Yang's imagery has been compared to 17th-century Chinese literati paintings, which were created by a coterie of artists and intellectuals who responded to political repression by retreating into spiritual seclusion. In his languorous, five-part epic, "Seven Intellectuals in Bamboo Forest" (2003-2007), a film whose title refers to the literati of ancient legend (c.475 B.C.), Yang connects the sages, who once sought refuge in the woods, to the political oppression of the present. "Yang's brilliant negotiation of social memory and cinematic history, which he articulates against the background of contemporary political change in China, places his work on the cutting edge of the moving image," writes John G. Hanhardt on Fastforward2.com. "He's creating one of the most compelling and important bodies of media installation art today."

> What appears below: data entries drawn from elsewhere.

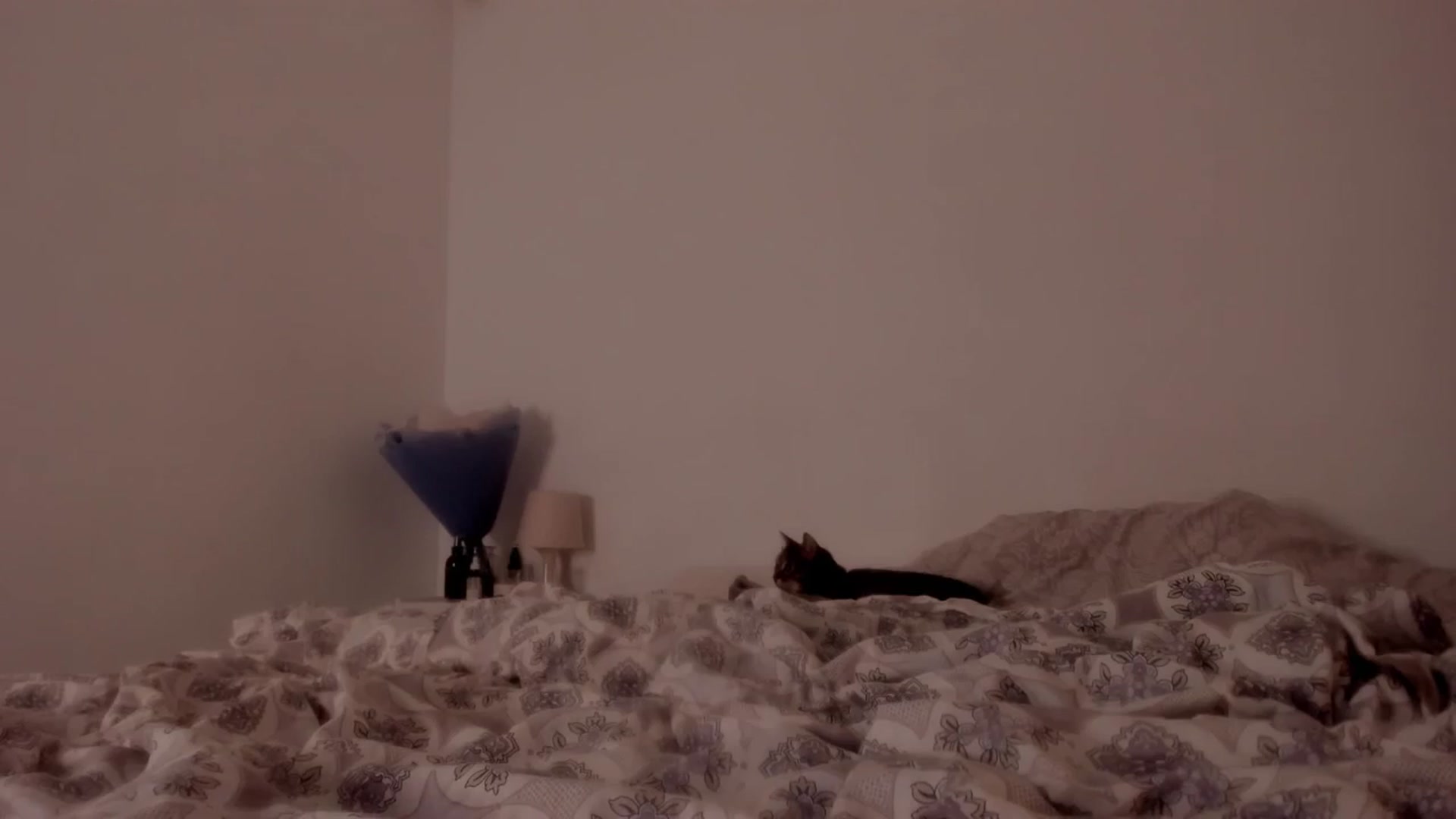 Gallery image thumbnail from Caroline_Bell's myfreecams stream on, 11/17/2025, 13:28 image 15 of 20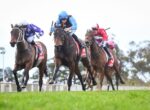 Horse race with jockeys in bright silks (blue, purple, red) galloping on a grassy track.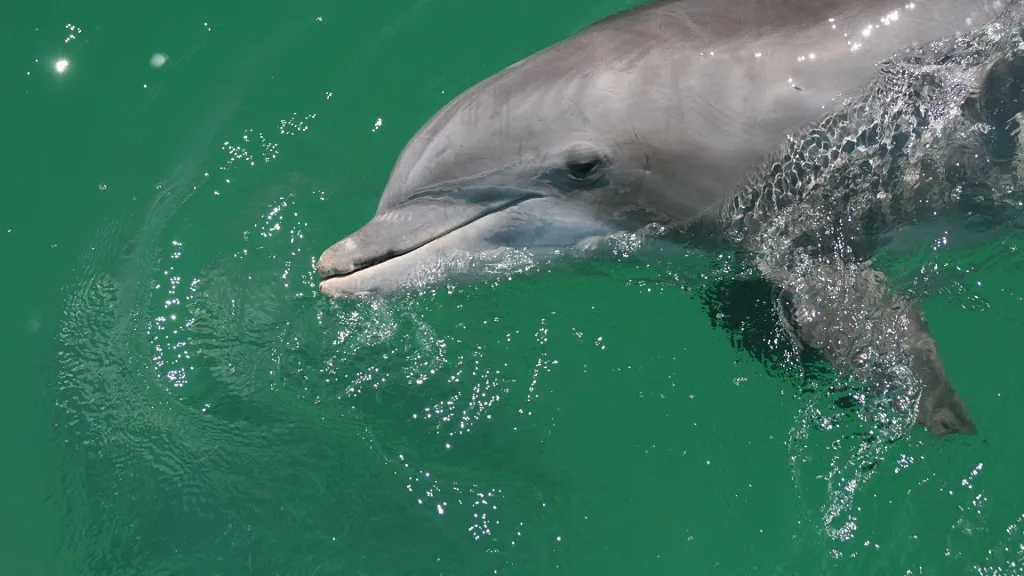 Dolphin and Snorkeling Tours Seaside Florida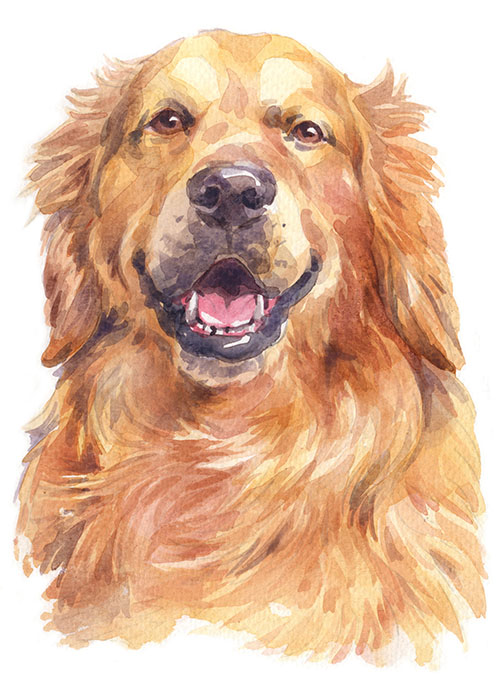 Neşeli Golden Retriever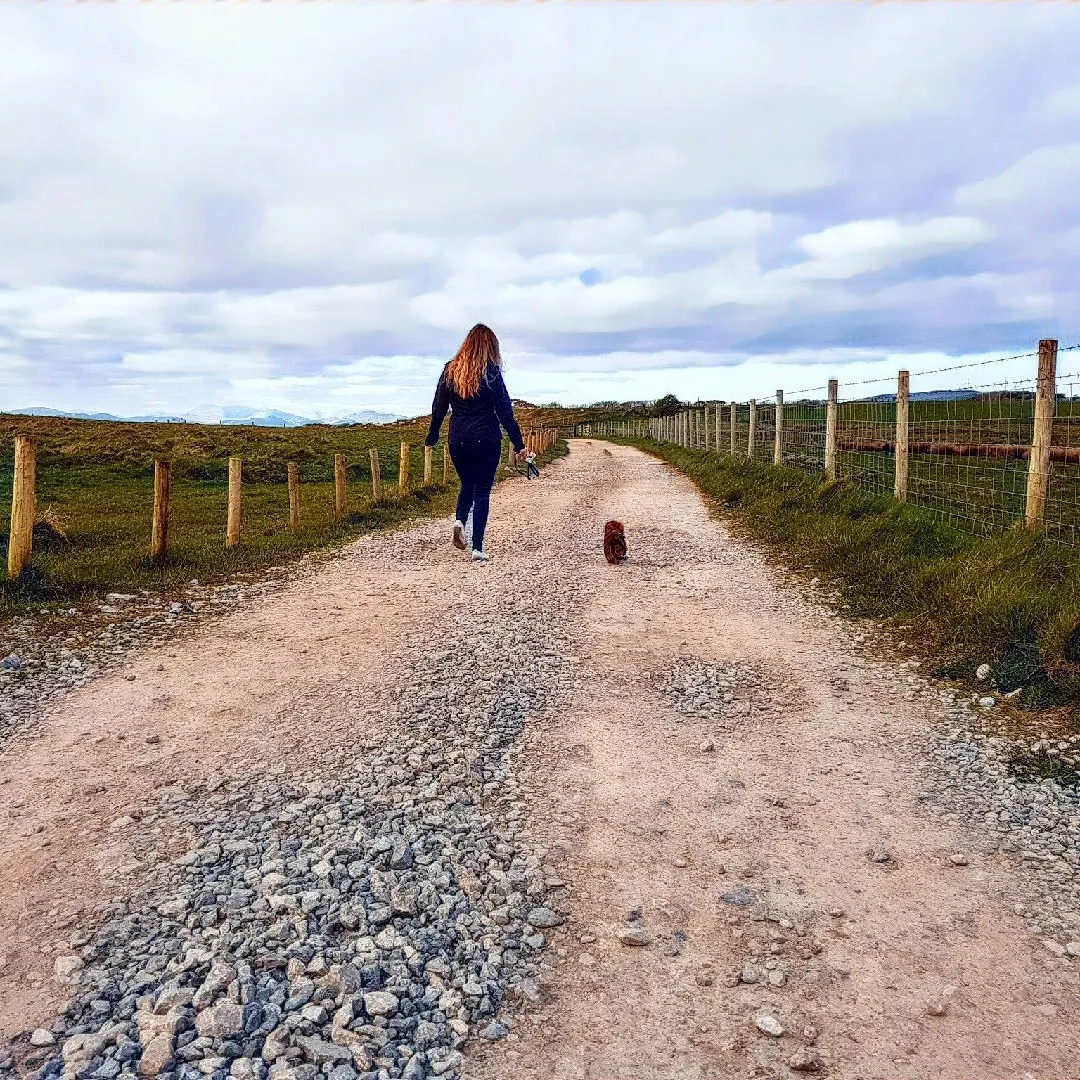 Energetic miniature dachshund puppy playing in a garden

Most of Yang's protagonists are his contemporaries, young people between the ages of 20 and 40 who have spent the majority of their lives adjusting to a society in the throes of transformation. Some exhibit a disaffected demeanor, seemingly detached from worldly concerns while focused on the superficial. That attitude is illustrated in several photographic series where impassive, well-heeled people waft through high-end hotels, restaurants and other elegant settings, a promise of sex in the air. "Mrs. Huang at M Last Night" (2006), for example, is a narrative of conspicuous consumption that unfolds in black & white photographs. Rich with evocative film noir atmosphere, it depicts an affluent woman dressed in a strapless evening gown, out on the town with her expensively attired male suitors, apparently enjoying the fruits of success. An earlier set of color images, "Don't worry, it will be better" (2000), suggests complex entanglements among a group of upwardly mobile nouveau riche urbanites who cast furtive glances at one another in a hotel suite, presumably anticipating even greater wealth to come.
Berkeley Art Museum through Dec. 8; "Yang Fudong's Cinematic Influences" screens at the Pacific Film Archive through Oct. 6.